Milano come le sembrava?
Era la città della rinascita, quella che con grinta voleva cancellare le ferite e l’umiliazione dei bombardamenti e della distruzione. Una città che aveva fatto subito un balzo in avanti con la massiccia industrializzazione. E celebrava i suoi primati in altezza con il Pirellone e la Torre Velasca. Ma mi ricordo anche il fermento della moda, con le grandi sarte Biki, Germana Marucelli e Jole Veneziani, anticipatrici delle generazioni di stilisti che proprio da Milano conquistarono il mondo, superando i francesi. Un po’ come accadde a me, dal mio studio in via Mantova 10. Il mio quartier generale per 20 anni dove ho scattato oltre 100 ritratti.

Il primo?
Nel 1978, Valentino e Capucci fotografati però a Roma. Ma poi mi sono rifatto. Da me a Milano sono passati tutti. Tra i ricordi più cari Francesco Cossiga, quando era diventato senatore a vita. Trascorsi con lui una giornata bellissima. Si mostrò dolce e pieno di humor. Abbiamo anche una foto insieme, sembriamo due orsetti. Immortalai anche Bill Gates grazie all’aiuto di Beppe Severgnini. Fare un ritratto è un atto di seduzione reciproco. Si passano in compagnia poche ore, ma è come se ci si conoscesse da anni. Il mio studio milanese è stato per circa vent’anni  uno dei punti di riferimento e di ristoro della città. Molti passavano solo per salutare o anche per mangiare un boccone, infatti la cucina andava a tutte le ore.

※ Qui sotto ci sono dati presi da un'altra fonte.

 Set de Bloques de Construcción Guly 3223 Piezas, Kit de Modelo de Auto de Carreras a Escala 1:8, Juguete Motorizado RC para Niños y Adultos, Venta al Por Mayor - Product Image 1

Lei ha fotografato anche l’Avvocato. Ma Gianni Agnelli veniva a Milano?
No andavo io a Torino. Era molto affabile. Mi mise in contatto con lui sua sorella Susanna. Nei suoi confronti ho un debito di riconoscenza immenso. E spesso la vedevo anche a Milano.

E ora quale zona della città le piace?
Corso Plebisciti, dove mi sono trasferito di recente. In realtà non è un corso è un lungo viale alberato che porta nel centro della città. E’ costeggiato da bei palazzi imponenti e di stile umbertino. E’ una parte “serena” di Milano in cui mi appresto a trascorrere questa fase della mia vita. Poi è bello passeggiare nelle via laterali, piene di case ricoperte da rampicanti e anche piccole ville che ricordano la Milano degli inizi del ‘900.

Com’è la Milano che va verso l’Expo?
Una città che ha saputo cambiare ancora il suo skyline. Dopo il Pirellone e la Torre Velasca, a distanza di oltre mezzo secolo, Milano, con il Progetto Porta Nuova e City Life ha rinnovato la sua fisionomia, abbandonando quell’immagine un po’ gotica e impenetrabile degli anni passati. Questa è una città che dialoga con le sue contraddizioni e uno dei suoi punti di forza sono i giovani sempre pieni di idee e di iniziative, nonostante le difficoltà.